The DOJ claims that BMI is seeking to rewrite this requirement to include a special exception for split works and it notes that while BMI has the right to license some of these split works on a full-works basis, it is asking the court to create an exception for all split works so that it can provide fractional licenses for those songs. That would then require users to get licenses from each of the other songwriters, whether or not they are affiliated with BMI.
The DOJ further argues that the BMI split work stance is not consistent with the decree’s purpose, which is to allow BMI to grant blanket licensing despite its anti-competitive effects. That’s why, the brief argues, the Appeals Court should reverse the District Court’s declaratory judgment that the consent decree neither bars fractional licensing nor requires full-works licensing.
The brief was filed by DOJ attorney Robert J. Wiggers, among other lawyers working for DOJ, as well as Deputy Assistant Attorney General Brent Snyder.
Some sources suggest that the DOJ filing, was just made to maintain a holding pattern, until the new leadership at the agency gets a change to review its position and then decide how to proceed going forward. Makan Delrahim has been nominated to head the U.S. Justice Department's Antitrust Division, but his appointment has yet to be confirmed by the Senate.
Nevertheless, music licensees/users, or those who represent some of them, were pleased by the filing.
“We applaud the Department of Justice’s decision to appeal the declaratory judgment in the BMI case that if left unchallenged would completely undermine the value and purpose of the BMI blanket license, hurting every restaurant, bar, hotel, winery, local broadcaster, digital music service, and retailer that plays music,” the MIC coalition said in a statement. The MIC coalition is a group of trade association whose members license music for use over the airwaves, through the internet and in stores, hotels, restaurants, clubs and taverns.
Following the DOJ's filing, BMI responded. “While we are not surprised the DOJ chose to pursue its appeal, we still hope for the opportunity to sit down with the new administration and educate it about the chaos that would result in the marketplace if the DOJ’s interpretation of BMI’s consent decree were implemented,” BMI president/CEO Mike O’Neill said in a statement. “The DOJ’s 100 percent licensing position, an entirely new interpretation never raised by the Department before, unfairly advantages music users at the expense of the American songwriter and upends a longstanding industry practice that has worked effectively for decades. We believe Judge Stanton’s decision is correct and look forward to vigorously defending our position in the Court of Appeals for the Second Circuit.”
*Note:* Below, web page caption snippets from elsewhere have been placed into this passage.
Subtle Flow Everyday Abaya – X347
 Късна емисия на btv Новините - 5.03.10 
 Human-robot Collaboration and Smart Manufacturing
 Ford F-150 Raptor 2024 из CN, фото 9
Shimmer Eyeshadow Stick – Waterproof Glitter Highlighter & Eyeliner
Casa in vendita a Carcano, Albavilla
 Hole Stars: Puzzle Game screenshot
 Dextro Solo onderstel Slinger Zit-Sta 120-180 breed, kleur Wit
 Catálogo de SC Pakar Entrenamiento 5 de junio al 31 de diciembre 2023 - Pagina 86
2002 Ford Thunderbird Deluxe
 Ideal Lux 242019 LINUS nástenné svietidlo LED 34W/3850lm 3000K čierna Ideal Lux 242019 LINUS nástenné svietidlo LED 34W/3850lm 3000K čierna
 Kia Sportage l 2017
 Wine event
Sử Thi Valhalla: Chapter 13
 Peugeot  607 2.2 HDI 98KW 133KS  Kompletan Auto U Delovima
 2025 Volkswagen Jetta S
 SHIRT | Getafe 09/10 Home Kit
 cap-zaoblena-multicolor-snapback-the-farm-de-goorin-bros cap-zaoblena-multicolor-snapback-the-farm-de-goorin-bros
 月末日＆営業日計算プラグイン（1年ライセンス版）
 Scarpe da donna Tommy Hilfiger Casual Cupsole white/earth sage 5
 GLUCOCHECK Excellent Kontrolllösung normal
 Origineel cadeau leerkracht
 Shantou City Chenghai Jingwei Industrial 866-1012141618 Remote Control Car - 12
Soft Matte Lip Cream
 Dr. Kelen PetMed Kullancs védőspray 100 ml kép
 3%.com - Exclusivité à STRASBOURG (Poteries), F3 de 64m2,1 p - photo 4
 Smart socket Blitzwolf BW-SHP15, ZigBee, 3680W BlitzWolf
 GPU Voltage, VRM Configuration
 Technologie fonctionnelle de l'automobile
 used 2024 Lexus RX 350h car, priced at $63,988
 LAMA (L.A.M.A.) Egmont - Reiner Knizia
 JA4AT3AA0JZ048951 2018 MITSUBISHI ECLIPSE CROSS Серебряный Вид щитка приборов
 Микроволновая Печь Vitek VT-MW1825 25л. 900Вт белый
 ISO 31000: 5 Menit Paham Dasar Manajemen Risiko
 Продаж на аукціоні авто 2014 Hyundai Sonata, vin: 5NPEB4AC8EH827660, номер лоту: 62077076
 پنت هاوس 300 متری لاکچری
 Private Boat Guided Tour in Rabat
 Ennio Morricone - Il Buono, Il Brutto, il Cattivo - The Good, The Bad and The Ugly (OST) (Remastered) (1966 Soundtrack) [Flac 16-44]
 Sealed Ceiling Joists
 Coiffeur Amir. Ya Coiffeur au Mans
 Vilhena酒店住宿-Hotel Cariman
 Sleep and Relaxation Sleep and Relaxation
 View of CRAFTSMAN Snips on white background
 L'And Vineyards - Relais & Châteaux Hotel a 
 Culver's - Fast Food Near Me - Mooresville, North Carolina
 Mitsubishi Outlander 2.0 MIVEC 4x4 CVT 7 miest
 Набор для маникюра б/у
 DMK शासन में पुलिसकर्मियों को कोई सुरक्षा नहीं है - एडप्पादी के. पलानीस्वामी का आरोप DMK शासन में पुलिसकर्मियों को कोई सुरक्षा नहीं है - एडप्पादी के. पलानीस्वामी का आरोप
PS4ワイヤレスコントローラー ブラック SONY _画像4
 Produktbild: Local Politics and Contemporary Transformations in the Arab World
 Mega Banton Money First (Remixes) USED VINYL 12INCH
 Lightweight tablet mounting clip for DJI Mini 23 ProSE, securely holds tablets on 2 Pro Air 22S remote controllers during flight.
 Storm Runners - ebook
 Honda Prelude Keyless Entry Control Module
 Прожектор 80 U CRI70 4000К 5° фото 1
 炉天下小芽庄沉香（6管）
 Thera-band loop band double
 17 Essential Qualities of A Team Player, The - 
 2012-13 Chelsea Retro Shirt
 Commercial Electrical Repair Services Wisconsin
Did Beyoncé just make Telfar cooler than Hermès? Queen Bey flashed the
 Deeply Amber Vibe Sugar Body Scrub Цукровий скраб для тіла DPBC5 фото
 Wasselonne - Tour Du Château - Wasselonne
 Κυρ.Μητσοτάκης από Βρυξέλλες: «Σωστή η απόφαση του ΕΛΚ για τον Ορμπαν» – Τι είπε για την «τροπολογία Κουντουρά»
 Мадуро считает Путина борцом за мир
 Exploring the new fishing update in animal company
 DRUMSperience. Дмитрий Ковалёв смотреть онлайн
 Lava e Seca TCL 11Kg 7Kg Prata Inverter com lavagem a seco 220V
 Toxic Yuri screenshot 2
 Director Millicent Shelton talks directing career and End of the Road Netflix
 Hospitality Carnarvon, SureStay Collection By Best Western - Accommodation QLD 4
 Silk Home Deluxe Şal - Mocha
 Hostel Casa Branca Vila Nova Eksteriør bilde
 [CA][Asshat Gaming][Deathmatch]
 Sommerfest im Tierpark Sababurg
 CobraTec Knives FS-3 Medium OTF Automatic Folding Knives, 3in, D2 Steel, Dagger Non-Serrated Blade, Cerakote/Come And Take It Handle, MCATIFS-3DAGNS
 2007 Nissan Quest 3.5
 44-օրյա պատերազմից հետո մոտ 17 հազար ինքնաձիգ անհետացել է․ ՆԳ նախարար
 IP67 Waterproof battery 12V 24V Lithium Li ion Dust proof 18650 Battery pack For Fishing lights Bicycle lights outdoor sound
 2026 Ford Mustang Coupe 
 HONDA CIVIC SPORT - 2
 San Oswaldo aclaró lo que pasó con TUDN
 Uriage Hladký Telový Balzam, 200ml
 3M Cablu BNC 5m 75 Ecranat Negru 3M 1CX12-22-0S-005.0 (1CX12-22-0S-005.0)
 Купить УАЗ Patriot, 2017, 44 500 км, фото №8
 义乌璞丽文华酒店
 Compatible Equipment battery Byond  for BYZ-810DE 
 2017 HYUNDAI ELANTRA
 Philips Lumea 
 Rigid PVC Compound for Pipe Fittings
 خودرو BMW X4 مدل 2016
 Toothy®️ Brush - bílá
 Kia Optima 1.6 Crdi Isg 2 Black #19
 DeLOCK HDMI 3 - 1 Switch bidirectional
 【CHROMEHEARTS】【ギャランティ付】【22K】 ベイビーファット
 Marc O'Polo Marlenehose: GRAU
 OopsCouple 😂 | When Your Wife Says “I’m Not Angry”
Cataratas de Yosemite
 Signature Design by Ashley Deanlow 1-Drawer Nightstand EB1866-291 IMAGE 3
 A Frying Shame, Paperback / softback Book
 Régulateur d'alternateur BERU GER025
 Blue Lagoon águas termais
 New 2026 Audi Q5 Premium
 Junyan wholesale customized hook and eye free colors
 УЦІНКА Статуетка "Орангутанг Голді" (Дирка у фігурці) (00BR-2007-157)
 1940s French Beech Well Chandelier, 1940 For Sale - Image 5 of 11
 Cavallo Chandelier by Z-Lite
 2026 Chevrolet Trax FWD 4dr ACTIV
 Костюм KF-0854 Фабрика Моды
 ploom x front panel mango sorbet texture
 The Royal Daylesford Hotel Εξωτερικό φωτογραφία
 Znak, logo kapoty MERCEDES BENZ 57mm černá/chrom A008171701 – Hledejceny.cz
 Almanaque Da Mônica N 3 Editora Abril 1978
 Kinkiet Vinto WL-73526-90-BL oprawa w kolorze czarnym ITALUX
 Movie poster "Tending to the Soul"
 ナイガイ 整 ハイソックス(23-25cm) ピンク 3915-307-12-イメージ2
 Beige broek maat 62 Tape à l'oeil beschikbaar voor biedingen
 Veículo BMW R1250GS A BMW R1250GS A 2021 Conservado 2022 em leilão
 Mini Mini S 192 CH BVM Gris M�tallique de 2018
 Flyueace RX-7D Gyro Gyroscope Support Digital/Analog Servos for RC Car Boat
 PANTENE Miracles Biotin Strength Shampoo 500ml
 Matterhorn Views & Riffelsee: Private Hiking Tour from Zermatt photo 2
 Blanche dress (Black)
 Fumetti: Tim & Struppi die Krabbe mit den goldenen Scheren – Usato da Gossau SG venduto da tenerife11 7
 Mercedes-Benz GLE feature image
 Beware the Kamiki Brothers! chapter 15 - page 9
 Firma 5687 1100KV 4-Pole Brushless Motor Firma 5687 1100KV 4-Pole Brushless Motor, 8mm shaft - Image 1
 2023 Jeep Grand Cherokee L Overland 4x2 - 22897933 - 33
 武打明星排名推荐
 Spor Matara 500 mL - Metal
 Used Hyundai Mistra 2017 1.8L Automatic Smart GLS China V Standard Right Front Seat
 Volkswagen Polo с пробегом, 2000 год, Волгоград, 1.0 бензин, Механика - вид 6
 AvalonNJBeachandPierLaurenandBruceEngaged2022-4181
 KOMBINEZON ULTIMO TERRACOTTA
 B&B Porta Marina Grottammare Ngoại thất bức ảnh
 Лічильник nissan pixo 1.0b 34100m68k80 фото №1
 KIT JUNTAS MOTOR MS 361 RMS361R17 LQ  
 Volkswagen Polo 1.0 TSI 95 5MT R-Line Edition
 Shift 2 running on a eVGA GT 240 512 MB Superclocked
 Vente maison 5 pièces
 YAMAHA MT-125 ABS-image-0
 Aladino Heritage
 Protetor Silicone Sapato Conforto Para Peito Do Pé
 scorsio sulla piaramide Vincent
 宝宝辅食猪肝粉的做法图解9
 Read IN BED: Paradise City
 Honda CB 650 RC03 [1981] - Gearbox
O’Neill further communicated to its songwriter members that BMI is once again ready to “fight on your behalf to protect your rights, royalties and creative freedom. The DOJ’s action today is part of the standard appeals process and BMI’s next step will be to file our response sometime before the fall. We expect this process to continue into 2018, and we will of course keep you updated.”
Likewise, the National Assn. of Music Publishers expressed disappointment with the DOJ’s move.
“It is unfortunate that the DOJ has decided to pursue its appeal of Judge Stanton’s decision, which so clearly and dramatically struck down the Department’s unworkable position of imposing 100 percent licensing,” NMPA president David Israelite said in a statement. “We are confident in BMI’s ability to defend their position and that they will prevail on behalf of songwriters and music publishers. Everyone in the music industry understands that imposing additional burdens on songwriters, and upending the entire industry, is an undeserved punishment of America’s creators, not a solution.”